Often we have categorical features with values given as strings which we would like to transform to numerical values. The analogue of sklearn's `LabelEncoder` is the `StringIndexer`.

In [4]:
from pyspark.ml.feature import StringIndexer, OneHotEncoderEstimator

# StringIndexer turns categorical target variable into labels=0,1,2: you need to do this in pyspark,
# unlike sklearn which could handle categorical target variables.

In [5]:
ex_1 = sqlContext.createDataFrame([
    (4, "high"),
    (5, "low"),
    (6, "high"),
    (7, "high"),
    (8,'medium')
], ["id", "label"])

In [6]:
ex_1.show()

+---+------+
| id| label|
+---+------+
|  4|  high|
|  5|   low|
|  6|  high|
|  7|  high|
|  8|medium|
+---+------+



In [7]:
string_indexer = StringIndexer(
        inputCol='label',
        outputCol='label' + "_index"
    )

In [8]:
ex_2 = string_indexer.fit(ex_1).transform(ex_1)
ex_2.show()

+---+------+-----------+
| id| label|label_index|
+---+------+-----------+
|  4|  high|        0.0|
|  5|   low|        1.0|
|  6|  high|        0.0|
|  7|  high|        0.0|
|  8|medium|        2.0|
+---+------+-----------+



In [9]:
onehot = OneHotEncoderEstimator(
        dropLast=True,
        inputCols=['label_index'],
        outputCols=['label' + "_index_1"]
    )

In [11]:
onehot.fit(ex_2).transform(ex_2).show()
# label_index_1 is a sparse vector.
    # First element says how many elements there are in the sparse vector
    # Next element shows you which class appeared and third element is the count of that class
    # Note the last row is empty as this is a sparse vector, and we've already dropped last.
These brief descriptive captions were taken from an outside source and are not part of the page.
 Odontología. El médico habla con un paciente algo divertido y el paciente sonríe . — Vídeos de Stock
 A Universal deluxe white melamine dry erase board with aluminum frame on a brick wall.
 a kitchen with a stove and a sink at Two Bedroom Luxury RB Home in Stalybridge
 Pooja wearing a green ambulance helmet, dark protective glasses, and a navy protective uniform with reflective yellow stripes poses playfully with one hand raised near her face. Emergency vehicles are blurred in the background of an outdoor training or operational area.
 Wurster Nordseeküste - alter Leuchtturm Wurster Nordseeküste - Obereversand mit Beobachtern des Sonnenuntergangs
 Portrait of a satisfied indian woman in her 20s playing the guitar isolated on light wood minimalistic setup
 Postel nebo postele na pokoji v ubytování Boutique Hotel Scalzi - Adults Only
+---+------+-----------+-------------+
| id| label|label_index|label_index_1|
+---+------+-----------+-------------+
|  4|  high|        0.0|(2,[0],[1.0])|
|  5|   low|        1.0|(2,[1],[1.0])|
|  6|  high|        0.0|(2,[0],[1.0])|
|  7|  high|        0.0|(2,[0],[1.0])|
|  8|medium|        2.0|    (2,[],[])|
+---+------+-----------+-------------+



The one-hot-encoded values are given as a sparse vector for each observation. The first number indicates the length of the sparse vector, the second number in brackets indicates the position that is filled with the last value. As you can see from the last shown entry, dropping a redundant label (`drop_last`) is default here.
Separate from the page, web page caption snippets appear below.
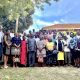 Study participants join Principal Investigator Professor Peter Baguma, members of the research team and officials from the Ministry of Health's Department of Mental Health and Control of Substance Abuse for a group photo after the dissemination workshop on 16th June 2026. Physiology Lecture Theatre at the College of Health Sciences, Mulago Hospital Complex, Makerere University, Kampala Uganda, East Africa.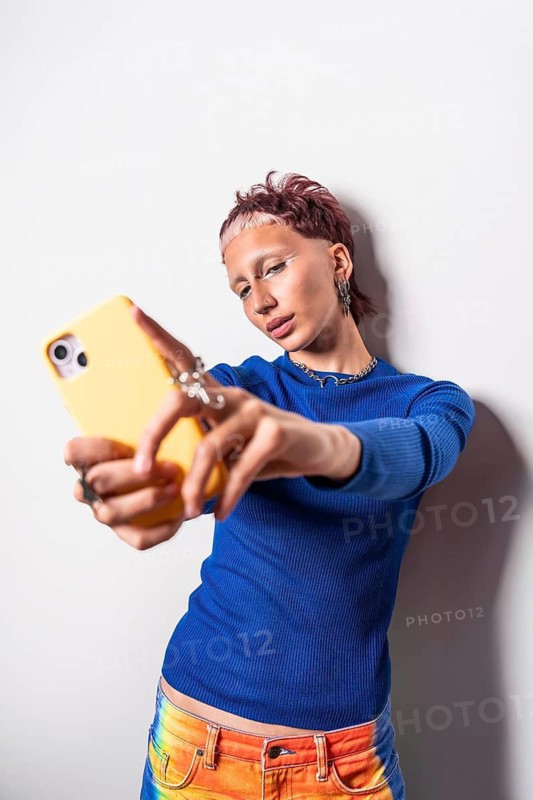 A trendy woman wearing colorful trousers and a blue top takes a selfie with her yellow phone, showcasing modern fashion and vibrant style against a white backdrop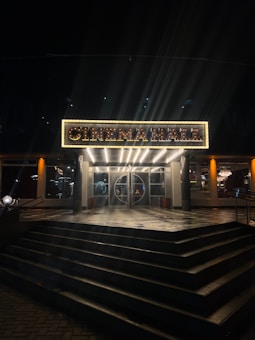 An illuminated sign above a cinema entrance, displaying the words 'CINEMA HALL' in bright lights. The entrance features a set of closed glass doors, flanked by lit glass windows, with a series of wide steps leading up to it. The warm glow from the sign and interior lights contrasts against the surrounding dark night.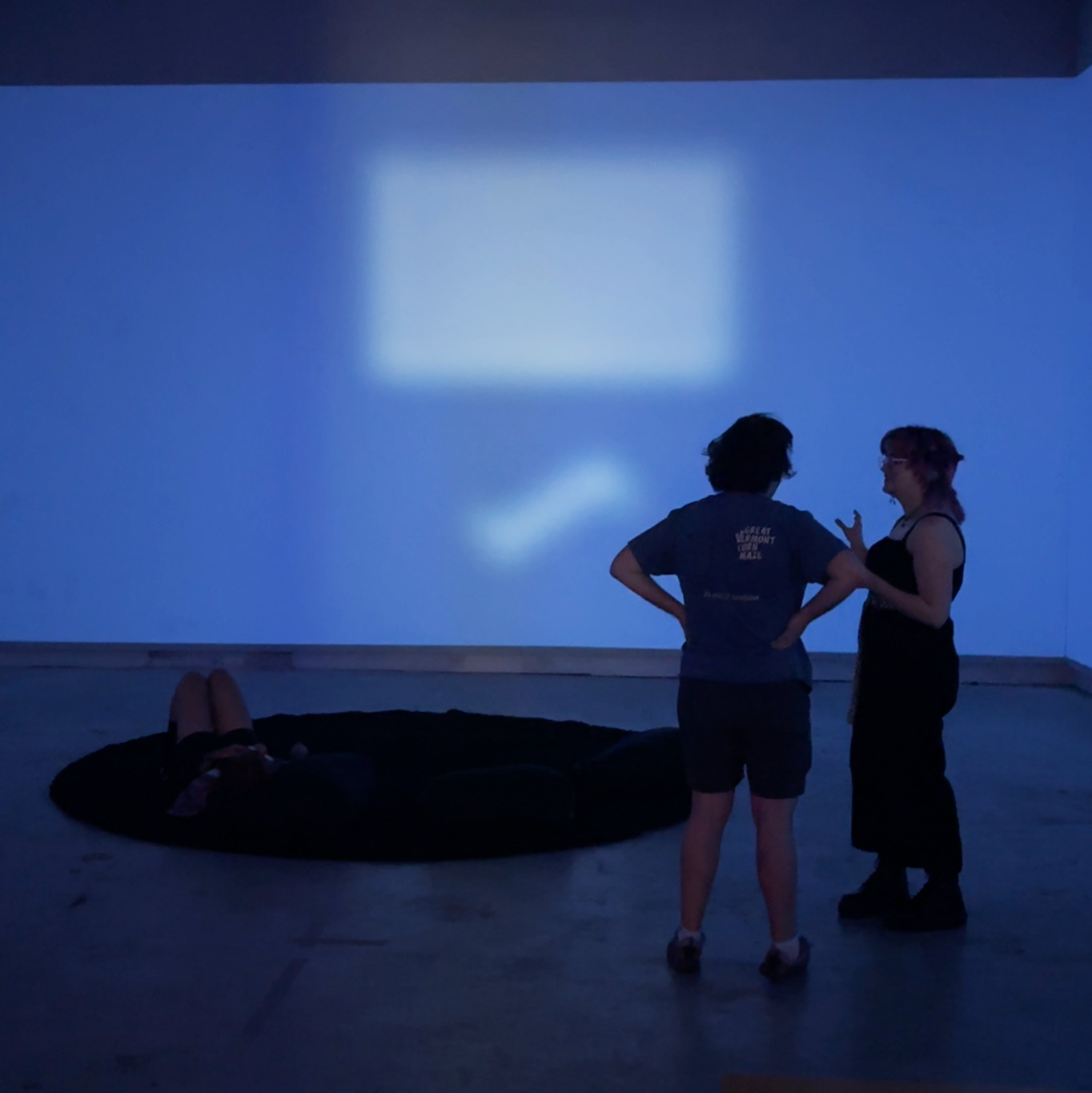 People standing and talking inside a blue-lit gallery space, while another person reclines on a dark floor installation beneath soft projected light.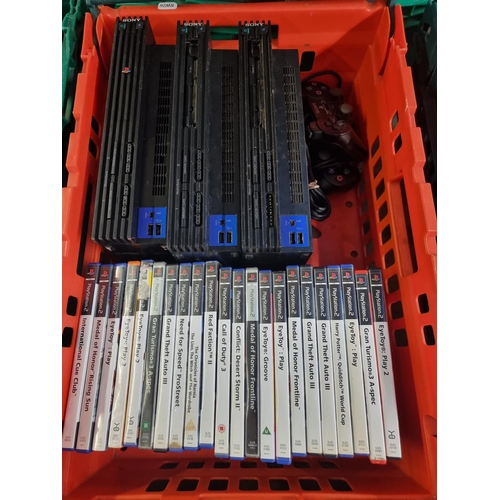 602 - Three Sony PlayStation 2 games consoles with accessories and games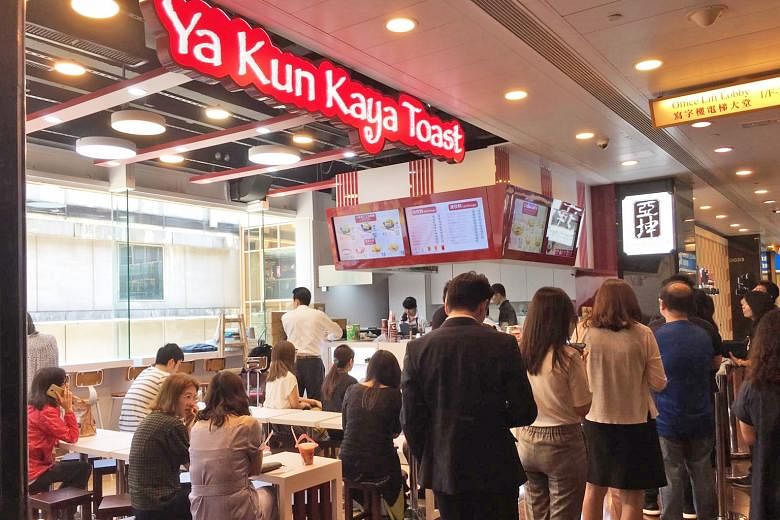 Ya Kun's outlet in Hong Kong's Admiralty financial district on its opening day in June. Sales at the outlet have been below expectations, says Ya Kun executive chairman Adrin Loi, but business is still holding up during the week, thanks to the Admira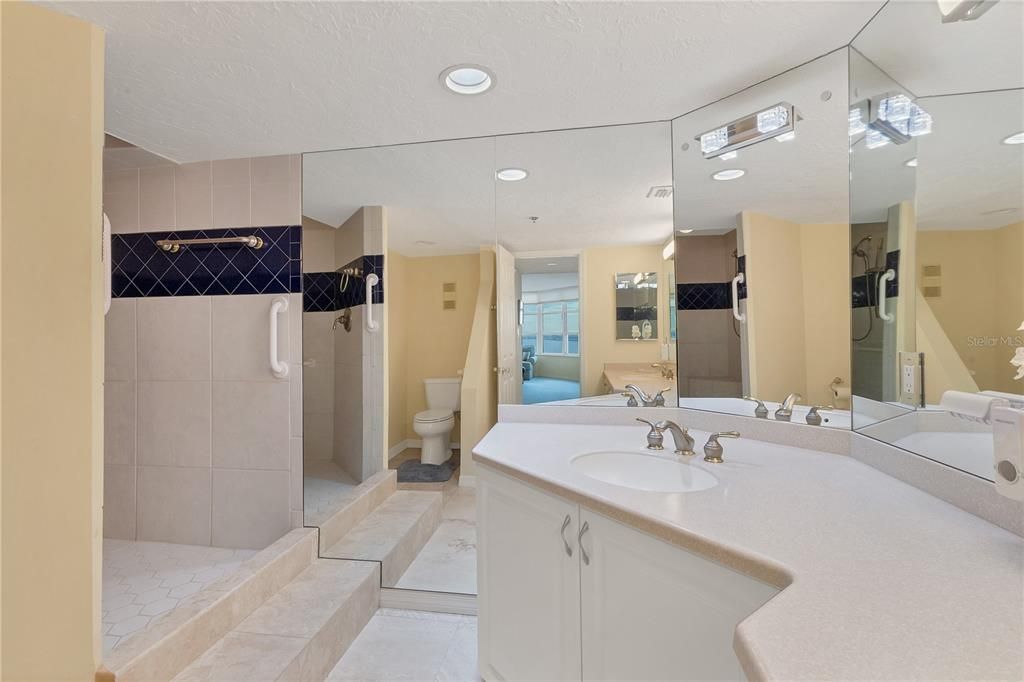 Owners ensuite bathroom featuring dual vanities and a walk-in shower.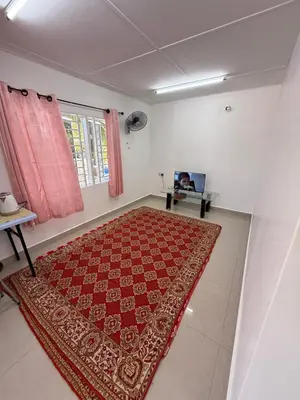 a living room with a red rug on the floor at Teratak Laman Bari in Sekincan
## Read in the car evaluation dataset 

```python
df = pd.read_csv('../../../../resource-datasets/car_evaluation/car.csv')
```

Use `acceptability` as target.

In [76]:
df = pd.read_csv('../../../../resource-datasets/car_evaluation/car.csv')
df.head()

Unnamed: 0,buying,maint,doors,persons,lug_boot,safety,acceptability
0,vhigh,vhigh,2,2,small,low,unacc
1,vhigh,vhigh,2,2,small,med,unacc
2,vhigh,vhigh,2,2,small,high,unacc
3,vhigh,vhigh,2,2,med,low,unacc
4,vhigh,vhigh,2,2,med,med,unacc


In [None]:
spark_df = sqlContext.createDataFrame(df)
spark_df.first()

In [77]:
spark_df.dtypes

[('buying', 'string'),
 ('maint', 'string'),
 ('doors', 'string'),
 ('persons', 'string'),
 ('lug_boot', 'string'),
 ('safety', 'string'),
 ('acceptability', 'string'),
 ('buying_index', 'double'),
 ('maint_index', 'double'),
 ('doors_index', 'double'),
 ('persons_index', 'double'),
 ('lug_boot_index', 'double'),
 ('safety_index', 'double'),
 ('acceptability_index', 'double')]

In [78]:
spark_df.select('buying').dtypes

[('buying', 'string')]

In [79]:
[spark_df.dtypes[i][0] for i in range(len(spark_df.dtypes)) if spark_df.dtypes[i][1]=='string']

['buying', 'maint', 'doors', 'persons', 'lug_boot', 'safety', 'acceptability']

In [80]:
spark_df

DataFrame[buying: string, maint: string, doors: string, persons: string, lug_boot: string, safety: string, acceptability: string, buying_index: double, maint_index: double, doors_index: double, persons_index: double, lug_boot_index: double, safety_index: double, acceptability_index: double]

## Dummify the categorical variables

Use first the `StringIndexer`, then the `OneHotEncoderEstimator` to create the dummified variables. Be careful not to use one-hot encoding on the target variable (`acceptability`).

In [82]:
indexers = [StringIndexer(inputCol=column, outputCol=column+"_index").fit(spark_df) for column in list(spark_df.columns)]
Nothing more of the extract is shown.